■ **Work to complete**
Where a picture appears, skip it and copy everything else in the listing exactly.

■ **Data in this exercise**
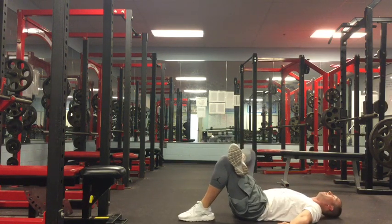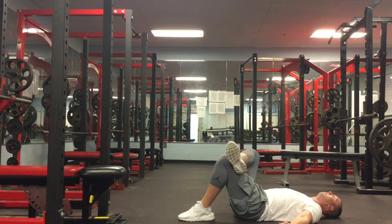Move in and out of the stretch for about 10 repetitions. After 10 reps, use your hand to push yourself deeper into the stretch. Hold it there for about 30 seconds.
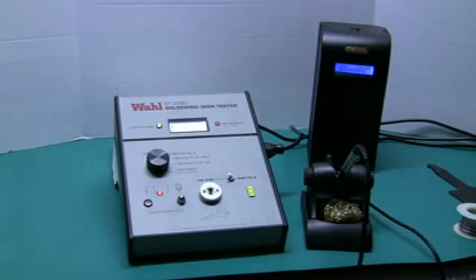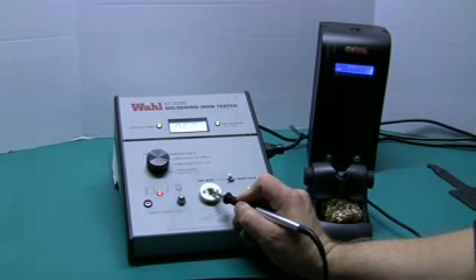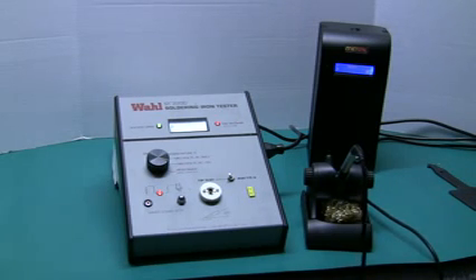Our next measurement is resistance to ground. We turn our selector fully clockwise down to the resistance measurement. As before, we start out with a clean tip, tin it, and then measure our tip-to-ground resistance. The limit on this WALL ST2200 tester is 5 ohms. Anything over 5 ohms gives a red LED in the top right corner and the test fails, requiring you to service the station and correct the reading. We're reading 0.53 ohms, which is well below the threshold and well below the requirements for today's production standards. Once that test is done and recorded, we return the iron to the holder.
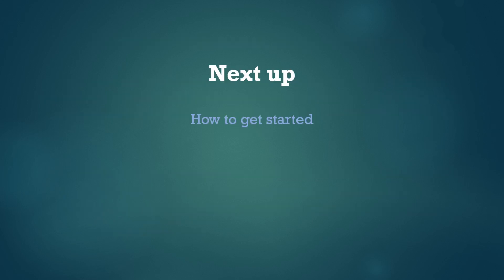Thanks for watching and we hope you'll watch the next module that will tell you more practical information about how to get started participating with this project.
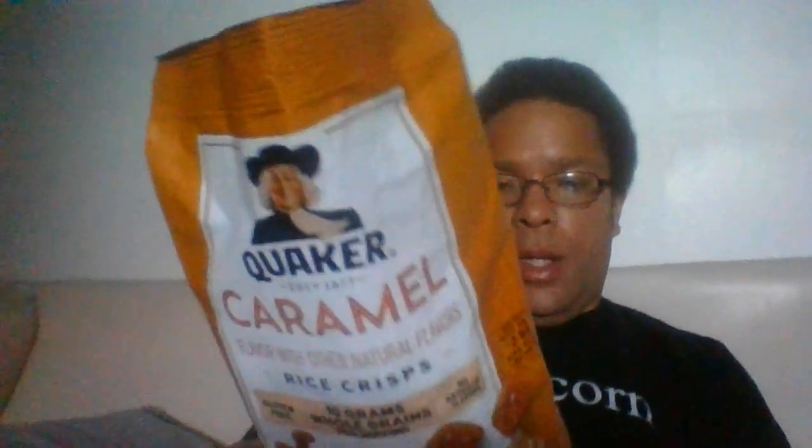The ingredients aren't that bad either — if you want to pause the video to check them out. Fair warning, the image might look sideways depending on how it uploads. The texture isn't abrasive — they're crunchy, but not a hard crunch. If I can chew them with my teeth, you should be fine.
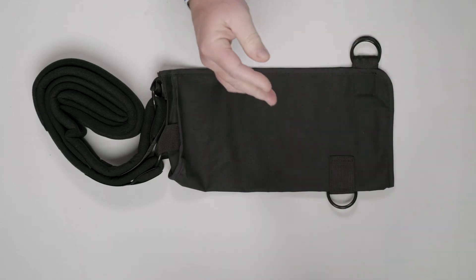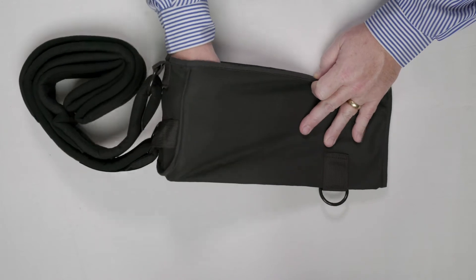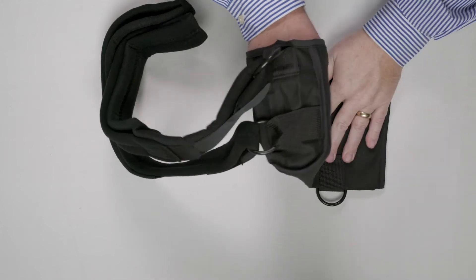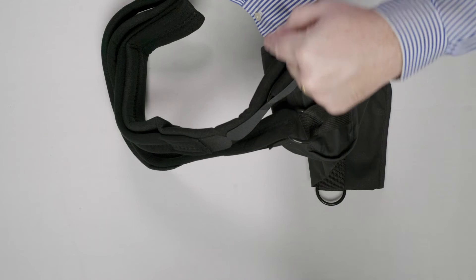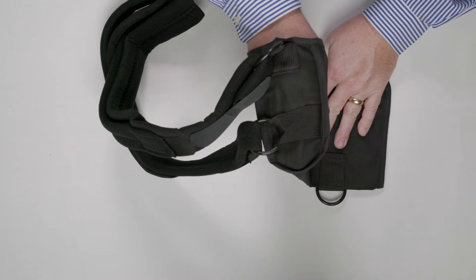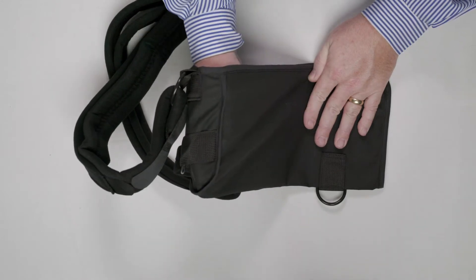The unique thing about the Gus arm sling is that we've built a gusset into the brace — you can see it here right on the end. Rather than have a completely flat line, we've actually inserted this piece of material, called a gusset, into the back of the arm sling. This allows the sling to contour better to the back of the arm and allows the elbow to seat into the sling.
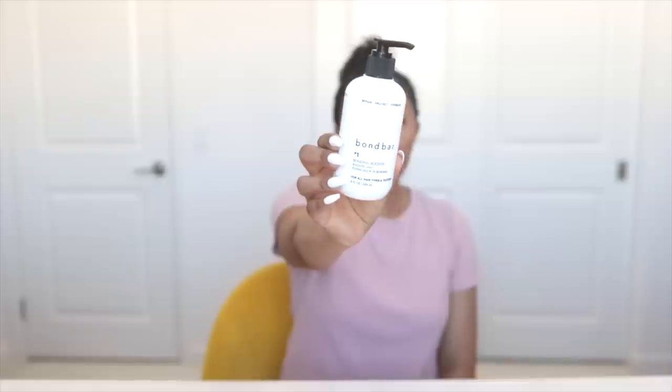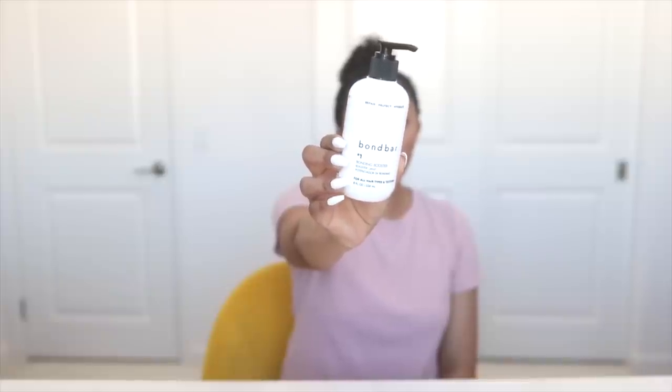You only go to step one and two if you have color-treated hair and you're literally in the middle of dying your hair. Bond Bar number one is the Bonding Booster. Bond Bar number two is Bonding Recovery. If you aren't using step one and two because you aren't coloring your hair, then you just go straight to step three, like me. Now that it's been 10 minutes, I'm going to add my Bond Bar number three, the Bonding Pre-Shampoo.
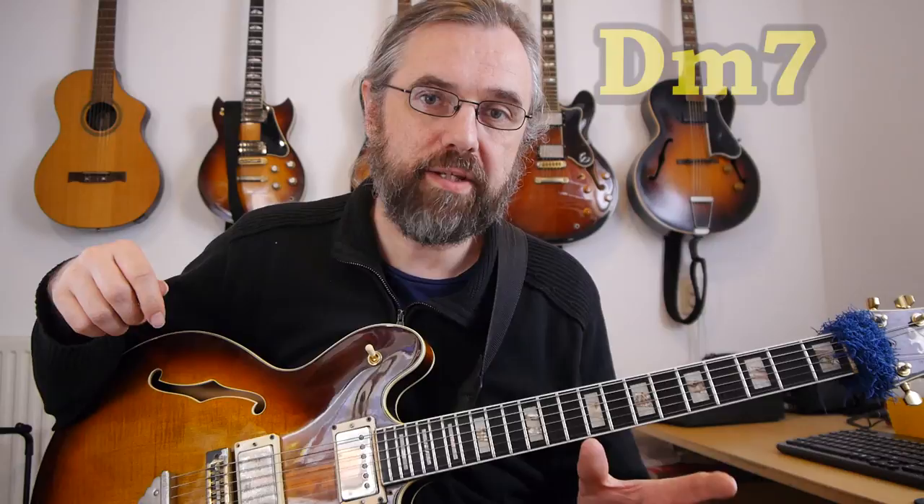Hi everybody, my name is Jens Larsen. In this video I'm gonna show you three ways that you can take some really simple music theory and turn that directly into guitar lines. So if you know what a major scale is, what a pentatonic scale is, and how to find the third of a chord, then you can use all three of the ideas that I'm gonna go over in this video. I'm gonna do all my examples in the key of C major, and use two different chords: a D minor seven chord and a C major seven chord.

■ **Solution below**
Move in and out of the stretch for about 10 repetitions. After 10 reps, use your hand to push yourself deeper into the stretch. Hold it there for about 30 seconds.
Our next measurement is resistance to ground. We turn our selector fully clockwise down to the resistance measurement. As before, we start out with a clean tip, tin it, and then measure our tip-to-ground resistance. The limit on this WALL ST2200 tester is 5 ohms. Anything over 5 ohms gives a red LED in the top right corner and the test fails, requiring you to service the station and correct the reading. We're reading 0.53 ohms, which is well below the threshold and well below the requirements for today's production standards. Once that test is done and recorded, we return the iron to the holder.
Thanks for watching and we hope you'll watch the next module that will tell you more practical information about how to get started participating with this project.
The ingredients aren't that bad either — if you want to pause the video to check them out. Fair warning, the image might look sideways depending on how it uploads. The texture isn't abrasive — they're crunchy, but not a hard crunch. If I can chew them with my teeth, you should be fine.
The unique thing about the Gus arm sling is that we've built a gusset into the brace — you can see it here right on the end. Rather than have a completely flat line, we've actually inserted this piece of material, called a gusset, into the back of the arm sling. This allows the sling to contour better to the back of the arm and allows the elbow to seat into the sling.
You only go to step one and two if you have color-treated hair and you're literally in the middle of dying your hair. Bond Bar number one is the Bonding Booster. Bond Bar number two is Bonding Recovery. If you aren't using step one and two because you aren't coloring your hair, then you just go straight to step three, like me. Now that it's been 10 minutes, I'm going to add my Bond Bar number three, the Bonding Pre-Shampoo.
Hi everybody, my name is Jens Larsen. In this video I'm gonna show you three ways that you can take some really simple music theory and turn that directly into guitar lines. So if you know what a major scale is, what a pentatonic scale is, and how to find the third of a chord, then you can use all three of the ideas that I'm gonna go over in this video. I'm gonna do all my examples in the key of C major, and use two different chords: a D minor seven chord and a C major seven chord.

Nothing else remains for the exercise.